The aim of such operations will be to increase electrical conduction; to surface harden carbon steels for better wear resistance; or to clean surfaces prior to bonding or putting mould tools back into service.
Transformational hardening using a laser has considerable advantages over conventional hardening techniques as it is rapid, selective and restricted to the surface. This means that components may be hardened only at wear points, leaving the bulk of the material unhardened and therefore less brittle.
Carbon Steels are suitable for laser hardening; the first step is for the surface of the metal to be rapidly heated to a level above the austenising point. This temperature will be below the material melting point and so will not damage the part. Lasers are ideal for this operation, possessing sufficient power density to locally raise the temperature of any surface within line-of-sight. Diode lasers are often the laser of choice for this operation as they are attractive in terms of cost per Watt and at a wavelength of just under 1um, are, unlike CO2 lasers, fairly well absorbed by solid metals.
The second step is quenching – the surface must be rapidly cooled during which the Austenite transforms to a Martensite phase. Again, laser processing provides a key advantage over other forms of heating – as the laser is capable of raising the surface temperature so rapidly, the total heat added will be sufficiently small that components or tools will self-quench by internal thermal conduction.
Plastic Injection Mould Cleaning
Moulds and tools can develop deposits which inhibit their efficient operation, particularly those moulding rubber tyres or footwear.

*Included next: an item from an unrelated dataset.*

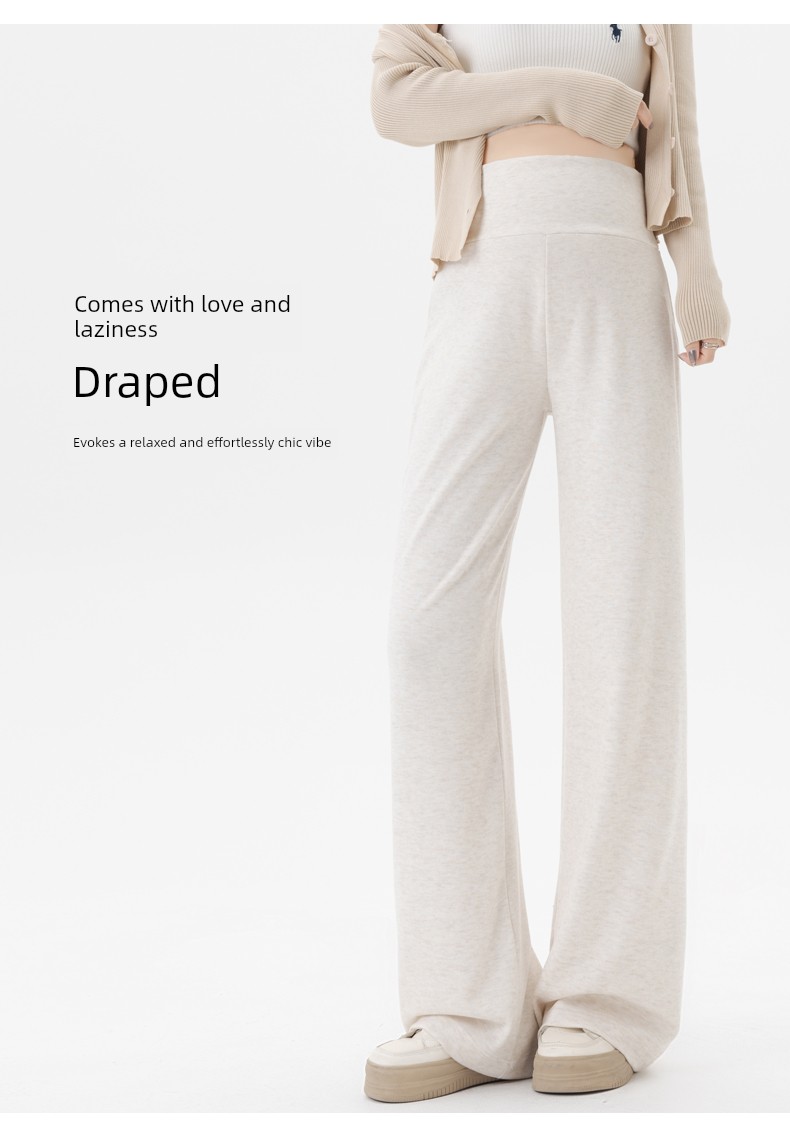 Maternity Pants for Spring, Autumn, and Winter, Straight Wide-Leg Pants, Loose and Casual, Do Not Squeeze the Belly, Fall Pants That Do Not Slip down — 11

Lasers are also suitable for removing other deposits such as soot, oil and silicone.
Such large-scale operations require high average power and also high peak power to cleanly ablate such organic deposits. A Q-switched source such as Rofin’s DQ-Series is suitable.
Removal of Coatings
Paint can be locally stripped using laser from regions where electrical connection or earthing is required. In the production of solar panels, all layers applied need removing from the edge region of the glass substrate so that the panel can be sealed from ingress in all weather conditions.
As with cleaning operations, Rofin’s DQ-Series high power Q-switched YAG can perform the task at commercial throughputs.